----- GIVEN ENTRIES -----

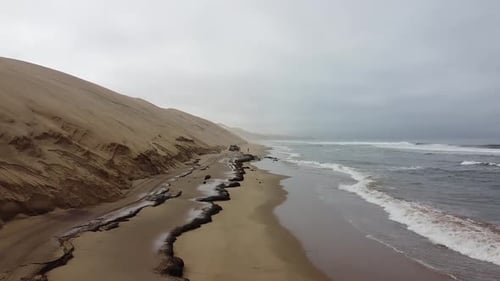 Drone shot of the beautiful shore of Atlantic ocean in Namibia, Sandwich Harbour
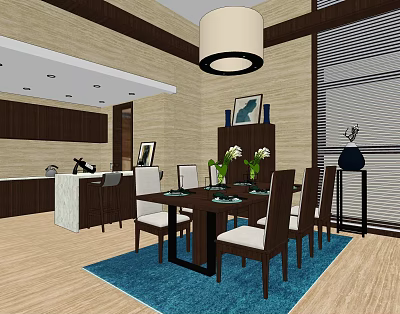 Dining table and chair combination 3d model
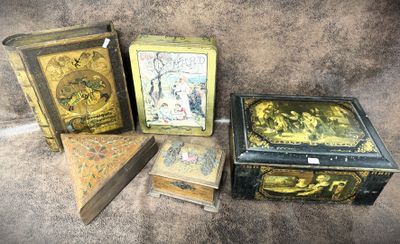 several boxes are lined up on the floor with a clock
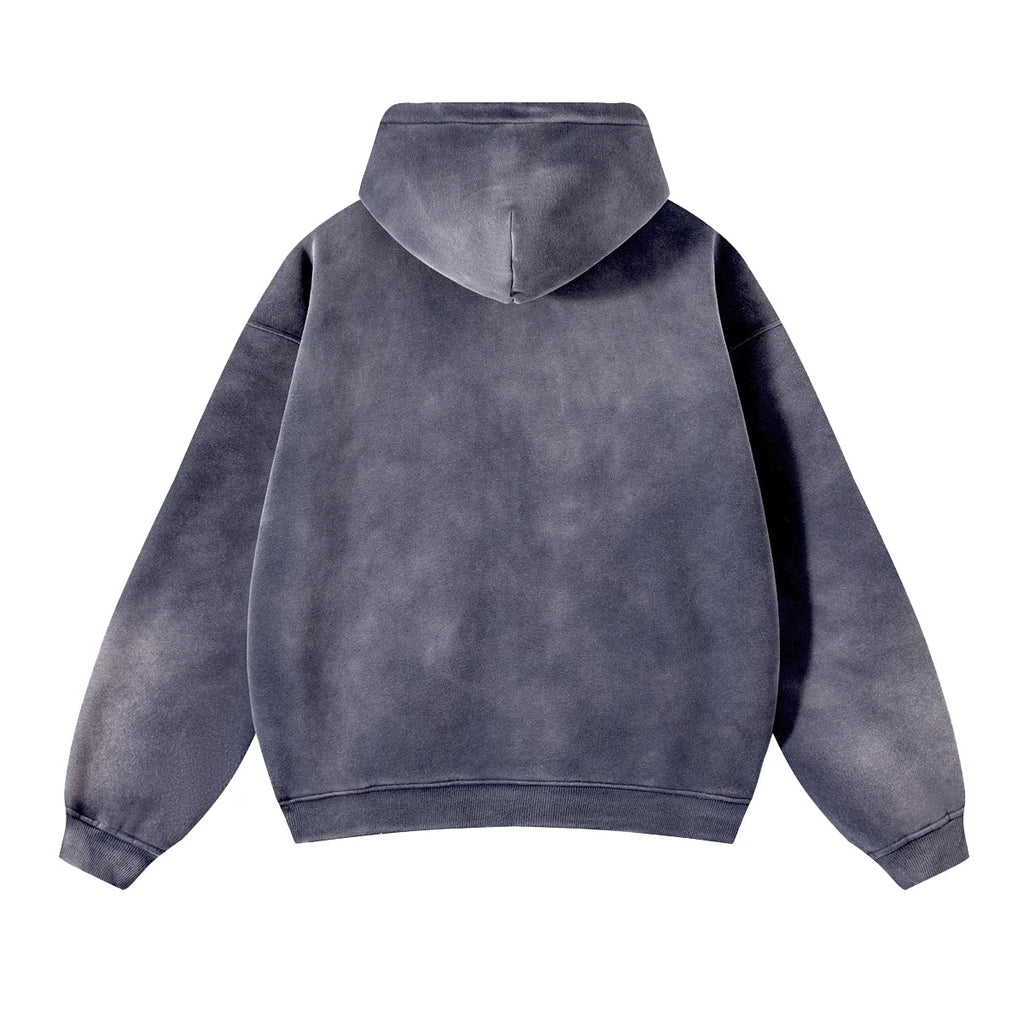 Hoodie Homme Oversize Zip Tie Dye Dégradé – Sweat Cardigan Peluche Loose Grande Taille Hiver | Mode Homme Premium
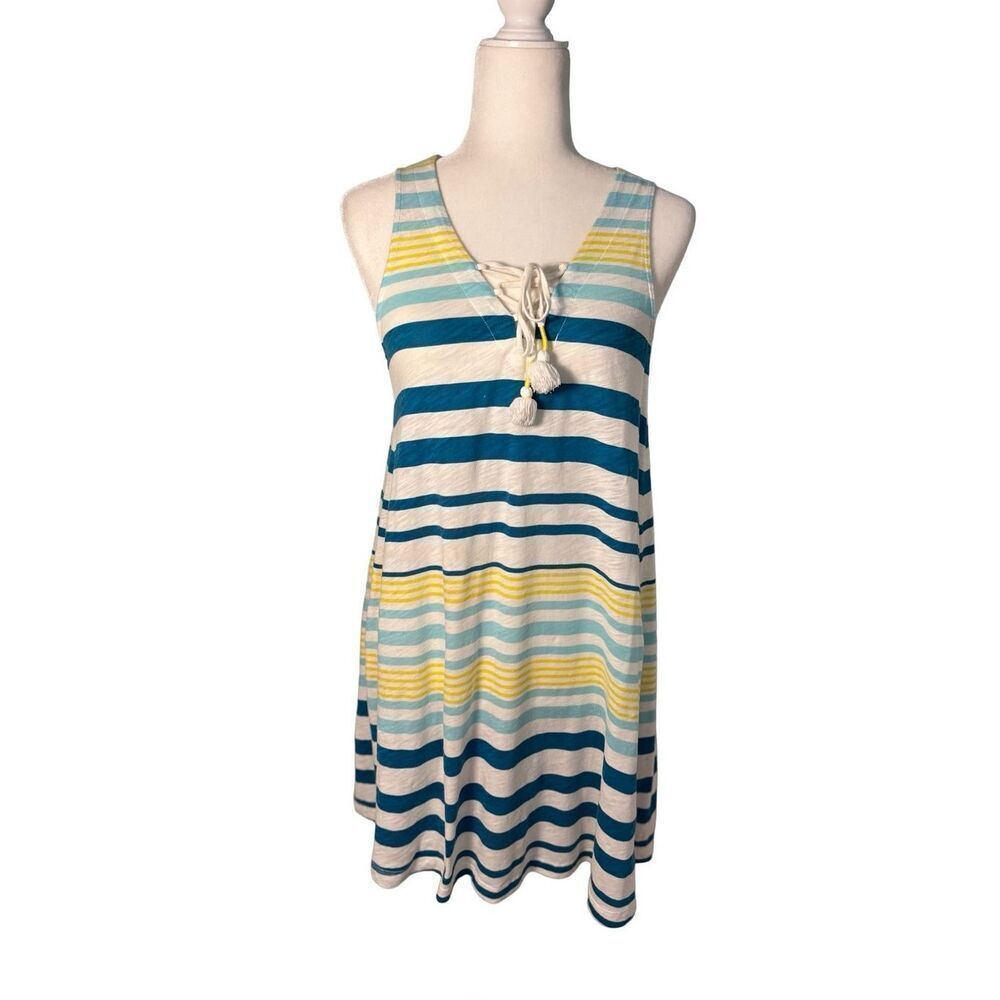 Loft white blue and yellow striped sleeveless Beach cover up with tassle tie - S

-----

PROMPT:
All of the data above should be quoted exactly, except for the pictures.

EXERCISE SOLUTION:
 Drone shot of the beautiful shore of Atlantic ocean in Namibia, Sandwich Harbour
 Dining table and chair combination 3d model
 several boxes are lined up on the floor with a clock
 Hoodie Homme Oversize Zip Tie Dye Dégradé – Sweat Cardigan Peluche Loose Grande Taille Hiver | Mode Homme Premium
 Loft white blue and yellow striped sleeveless Beach cover up with tassle tie - S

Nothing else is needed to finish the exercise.